So we've seen that Jesus has come; he's bound the strong man and freed us from spiritual bondage and bondage to the law. What relevance does that have to our burdens – those burdens that make life weary and toilsome and drab? What does Christ's victory hold for us? In Matthew 11:28-30 Jesus says,

"Come to me, all you that are weary and are carrying heavy burdens, and I will give you rest. Take my yoke upon you, and learn from me; for I am gentle and humble in heart, and you will find rest for your souls. For my yoke is easy, and my burden is light."

What hope does he offer here? The woman in the story is freed from her physical affliction, but we live every day with the painful fact that life is difficult. Where's our victory? Must we live the rest of our lives with these burdens of having an alcoholic relative? Of living with attention deficit disorder? Of being the outcast at work? Where is my freedom?

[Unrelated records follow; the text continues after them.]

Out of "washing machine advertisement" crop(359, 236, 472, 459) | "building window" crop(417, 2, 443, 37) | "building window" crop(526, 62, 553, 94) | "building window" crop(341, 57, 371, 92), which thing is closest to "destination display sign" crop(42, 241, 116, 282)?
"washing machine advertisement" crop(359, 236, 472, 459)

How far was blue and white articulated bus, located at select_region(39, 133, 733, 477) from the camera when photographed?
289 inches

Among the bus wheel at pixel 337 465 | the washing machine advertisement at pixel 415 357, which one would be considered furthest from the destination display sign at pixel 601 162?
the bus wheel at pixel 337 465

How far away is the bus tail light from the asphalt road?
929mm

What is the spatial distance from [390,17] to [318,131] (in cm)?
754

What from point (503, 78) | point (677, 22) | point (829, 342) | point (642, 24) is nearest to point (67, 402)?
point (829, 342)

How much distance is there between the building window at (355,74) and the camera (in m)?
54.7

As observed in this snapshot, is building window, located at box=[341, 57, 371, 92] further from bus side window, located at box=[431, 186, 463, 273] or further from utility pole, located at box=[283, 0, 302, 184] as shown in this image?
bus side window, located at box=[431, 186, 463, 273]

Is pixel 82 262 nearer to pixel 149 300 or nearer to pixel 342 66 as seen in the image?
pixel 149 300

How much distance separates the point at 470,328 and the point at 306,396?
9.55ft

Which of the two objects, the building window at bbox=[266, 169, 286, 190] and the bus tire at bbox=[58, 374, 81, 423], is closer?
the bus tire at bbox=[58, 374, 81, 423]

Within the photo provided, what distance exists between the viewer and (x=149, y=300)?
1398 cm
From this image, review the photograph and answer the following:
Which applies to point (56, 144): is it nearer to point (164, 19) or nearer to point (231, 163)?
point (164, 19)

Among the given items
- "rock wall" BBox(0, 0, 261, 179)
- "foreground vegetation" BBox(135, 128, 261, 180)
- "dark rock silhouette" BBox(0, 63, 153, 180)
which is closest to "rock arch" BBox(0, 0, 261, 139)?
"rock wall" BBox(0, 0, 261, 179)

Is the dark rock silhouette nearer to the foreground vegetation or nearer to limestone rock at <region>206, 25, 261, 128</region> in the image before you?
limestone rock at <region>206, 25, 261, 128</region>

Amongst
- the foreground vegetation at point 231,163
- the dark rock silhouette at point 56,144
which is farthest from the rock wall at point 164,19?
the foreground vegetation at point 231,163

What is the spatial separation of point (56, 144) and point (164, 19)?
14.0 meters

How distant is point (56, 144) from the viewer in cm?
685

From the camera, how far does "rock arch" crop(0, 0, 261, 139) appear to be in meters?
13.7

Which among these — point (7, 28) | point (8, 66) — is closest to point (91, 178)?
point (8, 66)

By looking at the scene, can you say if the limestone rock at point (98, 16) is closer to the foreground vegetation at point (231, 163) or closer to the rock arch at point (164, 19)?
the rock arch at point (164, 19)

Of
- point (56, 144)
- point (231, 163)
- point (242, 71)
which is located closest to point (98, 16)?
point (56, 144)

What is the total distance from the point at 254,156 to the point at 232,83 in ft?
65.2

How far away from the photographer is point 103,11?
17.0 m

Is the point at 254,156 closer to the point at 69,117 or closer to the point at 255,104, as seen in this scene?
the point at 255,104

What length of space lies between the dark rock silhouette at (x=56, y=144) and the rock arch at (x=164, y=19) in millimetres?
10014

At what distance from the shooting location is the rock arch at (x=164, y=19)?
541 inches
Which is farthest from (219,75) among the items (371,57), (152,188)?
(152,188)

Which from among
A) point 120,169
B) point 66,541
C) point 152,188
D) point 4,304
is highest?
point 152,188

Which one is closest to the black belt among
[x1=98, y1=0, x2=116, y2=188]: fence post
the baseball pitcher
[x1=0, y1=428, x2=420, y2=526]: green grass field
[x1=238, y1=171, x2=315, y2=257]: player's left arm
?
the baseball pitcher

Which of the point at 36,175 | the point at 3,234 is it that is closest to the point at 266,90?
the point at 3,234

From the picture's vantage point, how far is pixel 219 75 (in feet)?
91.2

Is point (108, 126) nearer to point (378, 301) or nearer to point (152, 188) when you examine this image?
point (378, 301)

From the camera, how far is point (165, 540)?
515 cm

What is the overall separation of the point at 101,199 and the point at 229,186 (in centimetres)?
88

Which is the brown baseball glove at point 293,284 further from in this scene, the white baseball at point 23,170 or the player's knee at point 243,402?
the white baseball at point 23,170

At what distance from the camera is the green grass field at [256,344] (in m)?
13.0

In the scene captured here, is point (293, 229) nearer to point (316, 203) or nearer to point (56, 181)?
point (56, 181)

In one sense, we all know that the freedom will be fully attained in the new heavens and the new earth. Christ, through his death, resurrection, and enthronement at the right hand of God, will lift our burdens. We will enjoy the fullness of abundant life with him. But I want to suggest to you that the freedom that King Jesus brings works for us right here and now. Jesus frees us to be more than our burdens. So many people let their burdens define them, and they are bound to these definitions. In effect, their lives become centered around the nucleus of their burden, and they shape their whole identity around that burden. Ted Turner is a great example. He was never able to win approval from his father. No matter what he did, it wasn't good enough. He never got close to his father. We all know that Turner went on to build a media empire, becoming one of the richest men in the world. A prominent business magazine voted him the most successful man of the year, and Ted Turner, while giving a speech to a group of entrepreneurs, produced that magazine as evidence of his own success. And then he held the magazine up in the air, he looked up and said, "Is this enough Dad? Is this enough?" That is a man who has let his burdens define him.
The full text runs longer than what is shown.